The hearing Friday before a panel of 9th U.S. Circuit Court of Appeals judges was the latest development in a saga made more complex because of its duration.
In 1998, a group of African-American employees sued Boeing, alleging that the company had systematically discriminated against them because of their race. A year later, Boeing settled the case for $15 million, but the settlement was thrown out in 2003 by a panel of appellate judges who determined that the settlement treated class members differently and the attorney fees were excessive.
So, in 2004, the case went to trial again. But, court filings show, the judge decided to throw out additional claims that Boeing had discriminated in its pay, in part because those claims were based on events that had taken place more than four years before, violating the statute of limitations. A jury then determined that Boeing had not racially discriminated in its promotion policies.
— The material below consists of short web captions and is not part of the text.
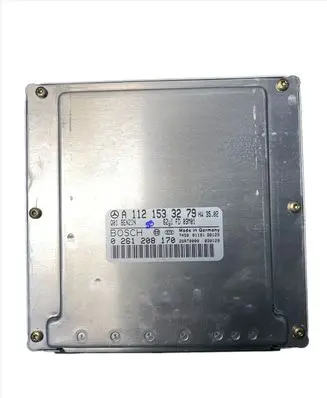 Mercedes-Benz S W220 Other control units/modules A1121533279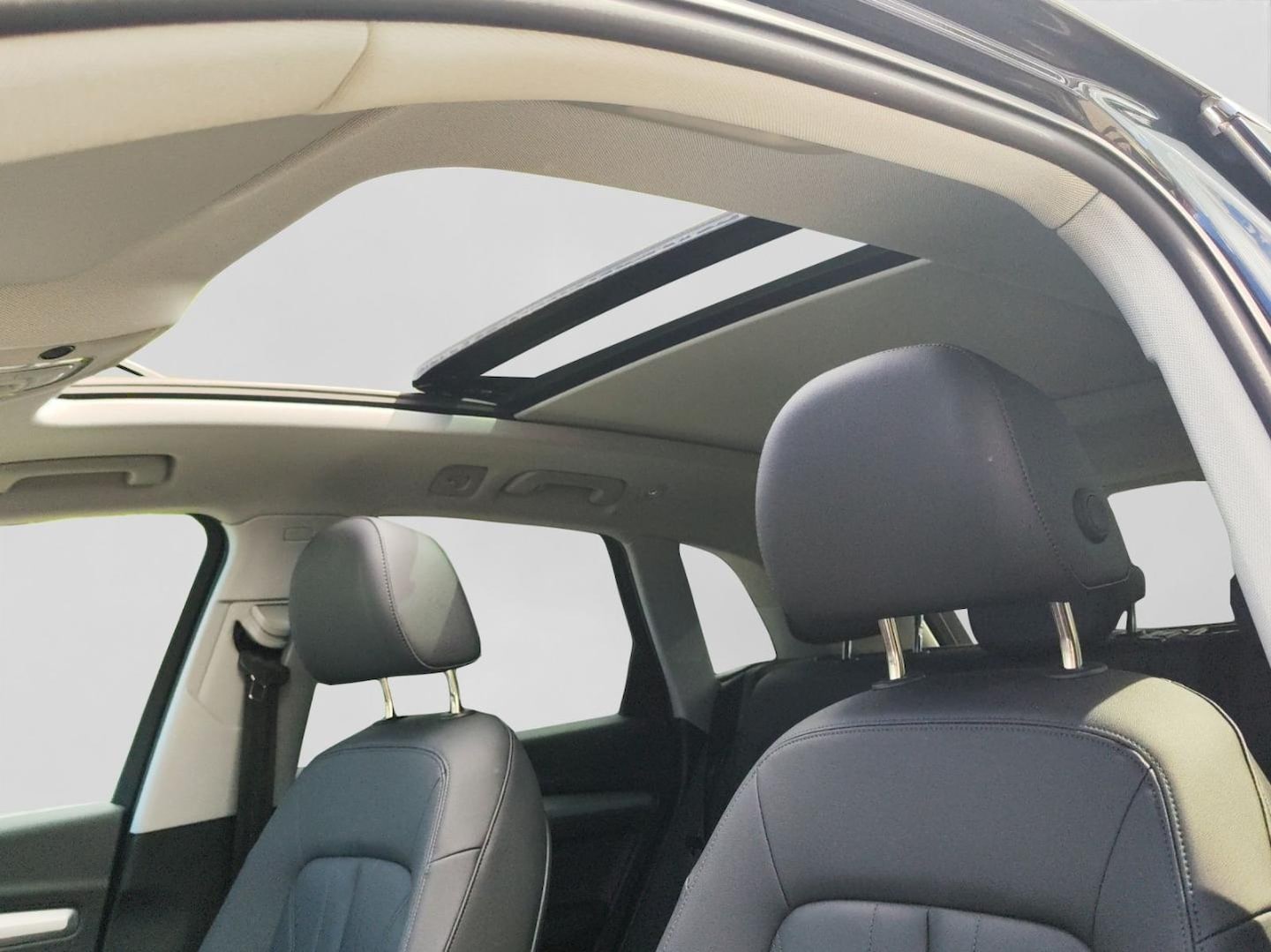 Bild über Audi Q5 45 TFSI quattro 195 kW S tronic - für weitere Informationen kontaktieren Sie den Audi Partner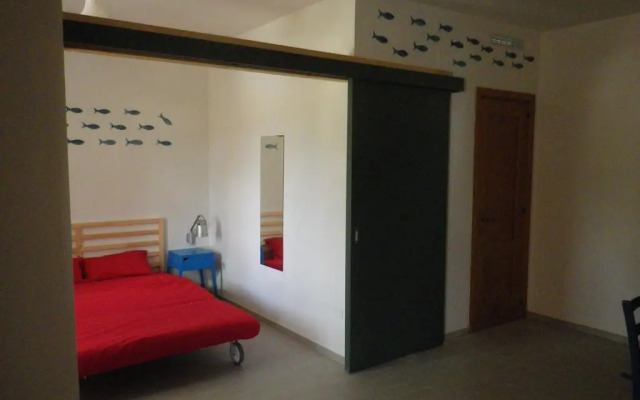 La Camilla City Apartments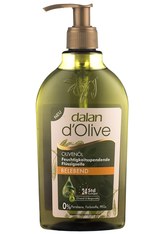 Dalan d’Olive Flüssigseife Belebend Seife 300.0 ml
On Friday, Craig Spiegel, a partner at Hagens Berman Sobol Shapiro LLP and an attorney for the remaining plaintiffs, argued that the plaintiffs had alleged all the way back to 1998 that Boeing had discriminated in its pay and therefore the court should not have thrown out those claims.
He also said that in the 1999 settlement, Boeing acknowledged the plaintiffs were alleging that Boeing had discriminated in its compensation policies.
"Even if the initial complaints did not allege compensation discrimination, by settling Boeing acknowledged that," he said. Moreover, in court documents, plaintiffs argue that the years during which the 1999 settlement was on appeal should not count under the statute of limitations.
But, in his arguments, Michael Reiss, an attorney at Davis Wright Tremaine who represented Boeing, asked whether "there are any places in the record where an individual ever claims compensation discrimination?"
There are only a few plaintiffs left in the case, and Reiss added that the "notion these four or five individuals are here today seeking to pursue a pre-2000 claim to compensation discrimination is absurd." He asked the court to uphold the district court's decision.
Although the three judges peppered Spiegel with questions, they remained mostly silent during Reiss' arguments.